An Analysis of SegLLM: Multi-round Reasoning Segmentation

The paper introduces SegLLM, a novel framework that enhances image segmentation processes using large multimodal models (VLMs) to foster a conversation-like interaction with the system. This is achievable through a multi-round reasoning segmentation model that integrates conversational memory into segmentation processes, recalling both visual and textual outputs across multiple interactions. SegLLM represents a significant advancement in leveraging LLMs for segmenting complex visual scenes and interacting with user queries beyond single text prompts.
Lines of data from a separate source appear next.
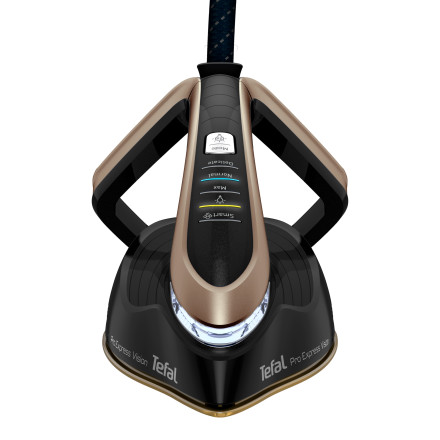 Lyginimo sistema Tefal Pro Express Vision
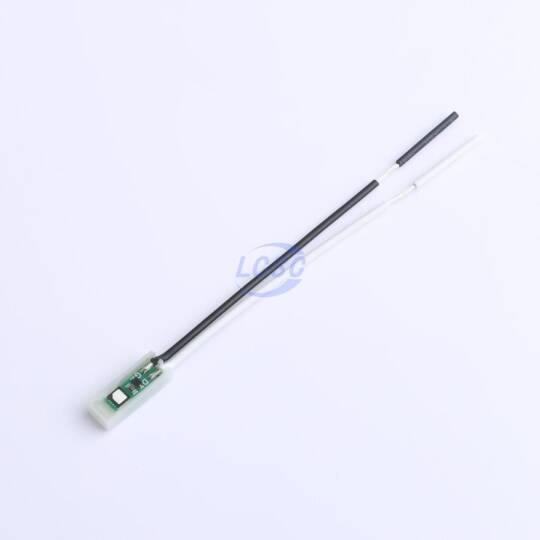 GXCAS GXHT3WM-T - 3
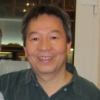 Chinh Nguyen Quang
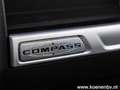 Jeep Compass 2.0 Limited Automaat CLIMATRONIC / NAVI Weiß - thumbnail 32
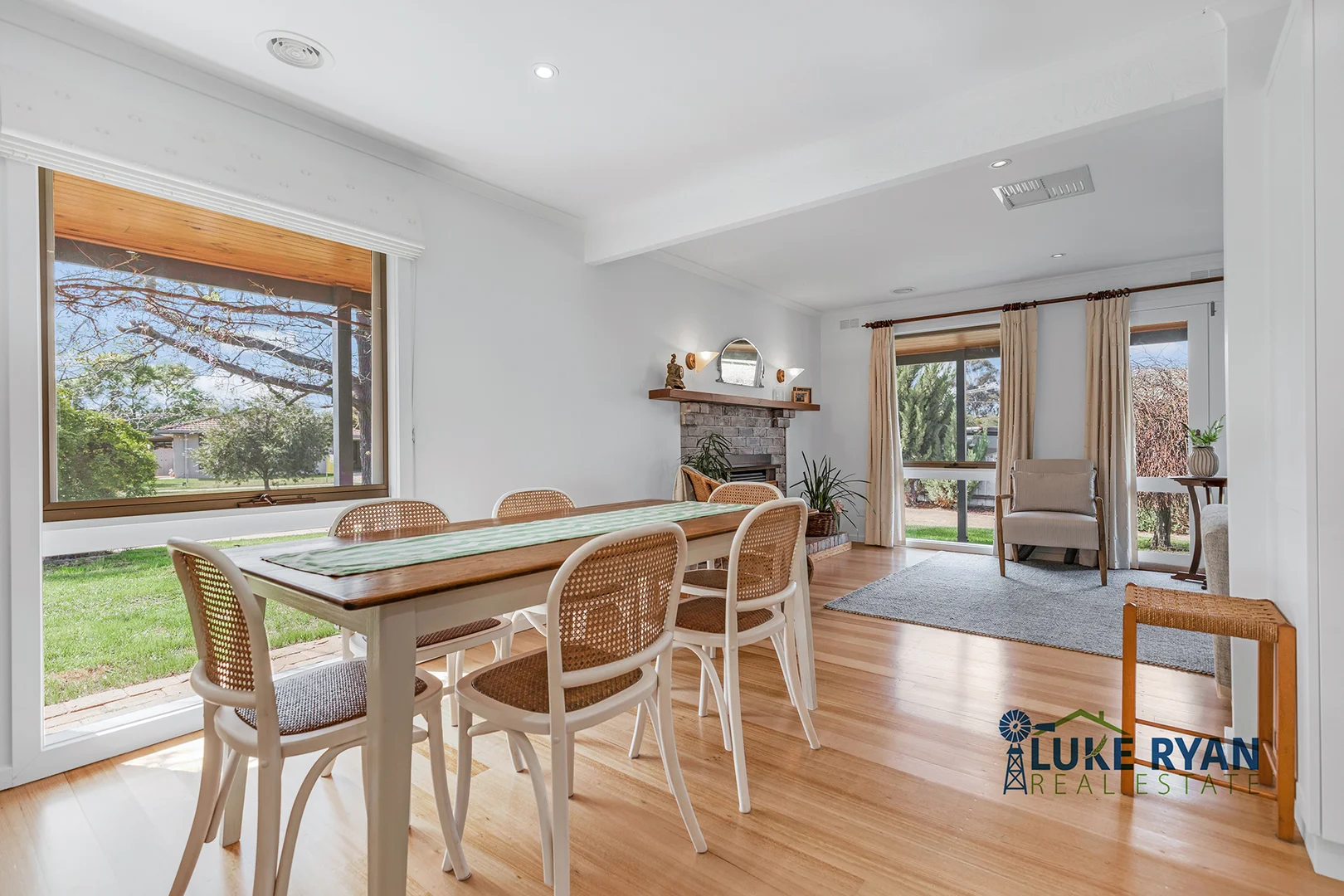 Additional image 8 of 6-8 William Street, Rochester VIC 3561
Core Contributions and Methodology

SegLLM's core contribution lies in its ability to utilize a mask-aware multimodal LLM that re-integrates past segmentation outcomes into its input sequence. This empowers the model to not only comprehend complex user intentions but also facilitates segmentation tasks based on previously segmented entities. Among its design novelties, SegLLM features:

  1. Mask-Encoding Scheme: SegLLM introduces a scheme where reference mask data is actively reincorporated back into the input stream during inference. The model uses both the mask's semantic data and bounding box coordinates as embeddings, seamlessly integrated with the text input. This approach addresses the challenge of "inter-round" dependencies where the output from earlier segments informs subsequent tasks, improving multi-round conversational efficiency.
  2. Mask-Aware Decoding: The model incorporates [REF] and [SEG] tokens to facilitate the generation of new masks that consider both visual outputs and historical contextual interactions, enabling the system to manage complex segmentation queries effectively.
  3. Multi-round Dataset: The creation of a high-quality, multi-round interactive segmentation dataset (MRSeg) is a noteworthy supplement, designed to challenge existing segmentation models with a variety of relational, interactional, and hierarchical query types.

Results and Implications

Empirically, SegLLM outperformed existing state-of-the-art segmentation benchmarks by more than 20% on its designed MRSeg benchmark. In addition, it demonstrated noticeable advancements in single-round referring expression segmentation and localization tasks, achieving gains in performance metrics such as cIoU and [email protected]. These improvements highlight SegLLM's robustness in both handling multi-turn interactions and enhancing the model's general capabilities in more traditional single-pass segmentation tasks.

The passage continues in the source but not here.